He has in his hands the industrial future of the Puget Sound region: As CEO he will take the lead on when, how and where to build Boeing’s next all-new jet.

Within 18 months, Boeing may launch the plane that will become the 797. With a fresh design and a new manufacturing system, it could be built anywhere.

About Kevin McAllister, CEO of Boeing Commercial Airplanes

Boeing: In November 2016, he became the first outsider to head Boeing Commercial Airplanes.

Education: Bachelor’s degree in materials engineering from the University of Pittsburgh.

Career: Worked as materials engineer at Howmet Corp., then joined GE as a metallurgist. Worked his way up at GE over 28 years to a succession of operational and management roles, eventually heading the Aviation Services unit.

Personal: Age 54, married for 35 years. No kids. His wife, Kristin, a former journalist, remains in Cincinnati, while he works long hours and travels a lot. They get together on weekends.

Source: Kevin McAllister

McAllister knows the stakes for this region.

He grew up in Bethlehem, Pennsylvania, a blue-collar steel town that suffered a massive industrial decline due to overseas competition.

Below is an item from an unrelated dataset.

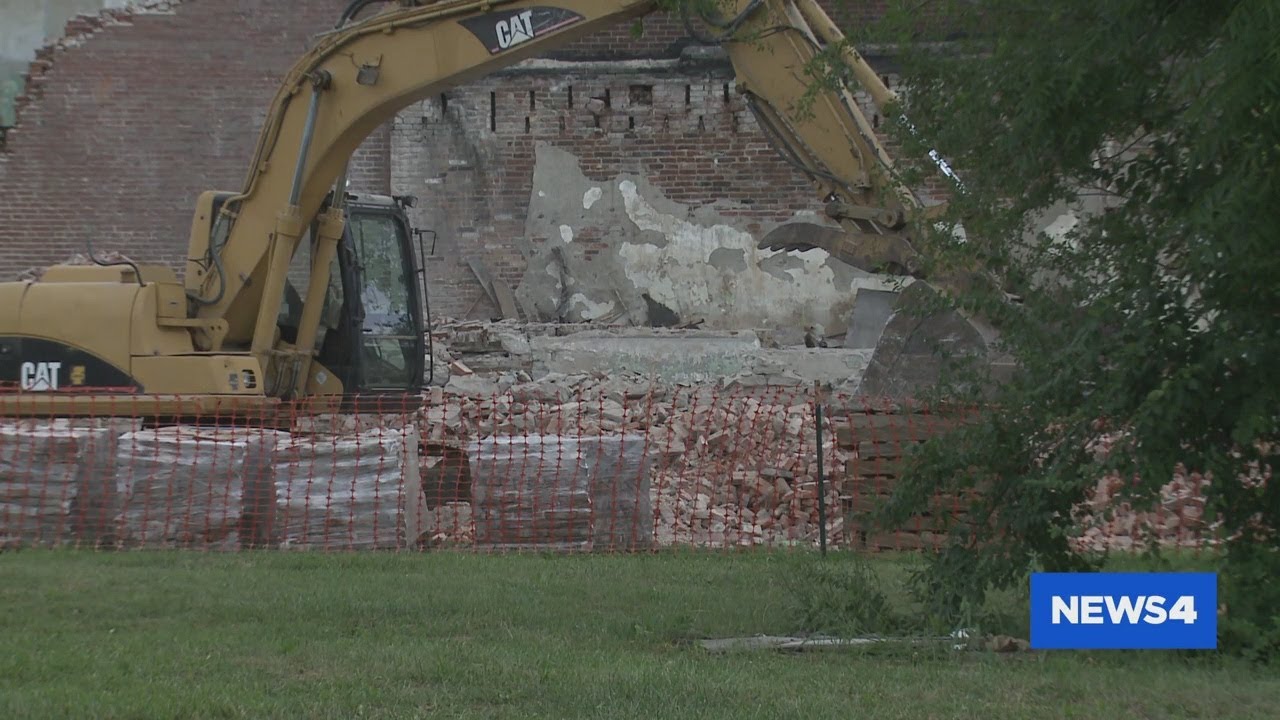 Non-proft says alderman and city agency are stopping revitalization in north St. Louis neighborhood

In his first one-on-one press interview since taking over, he cited Bethlehem’s former steel mills, now replaced by casinos and a retail and entertainment complex, as a reminder that “if you don’t reinvest in your future, good things don’t happen.”

Laying out a familiar CEO-style list of Boeing priorities, McAllister said he wants “a faster, nimbler Boeing.” It must deliver airplanes on time, rolling out existing jets and developing new models. It must be a leader in technology.

And it must continue the long-standing drive to squeeze out costs, from Boeing’s own operations and those of its suppliers.

“We have to fund our future,” McAllister said.

If that all works out, Boeing will be positioned to launch the all-new airplane program.

But will it be here?

McAllister brings a new emphasis on reaping after-sales revenue through selling parts. That shift could prompt Boeing to build more of the next airplane itself rather than go for the wholesale outsourcing of parts that characterized the 787 Dreamliner.

In the interview, McAllister offered no guarantees on jobs or future work here.

Yet he said he feels privileged to be “standing on the shoulders of giants, the people that built the 100-year heritage of Boeing.”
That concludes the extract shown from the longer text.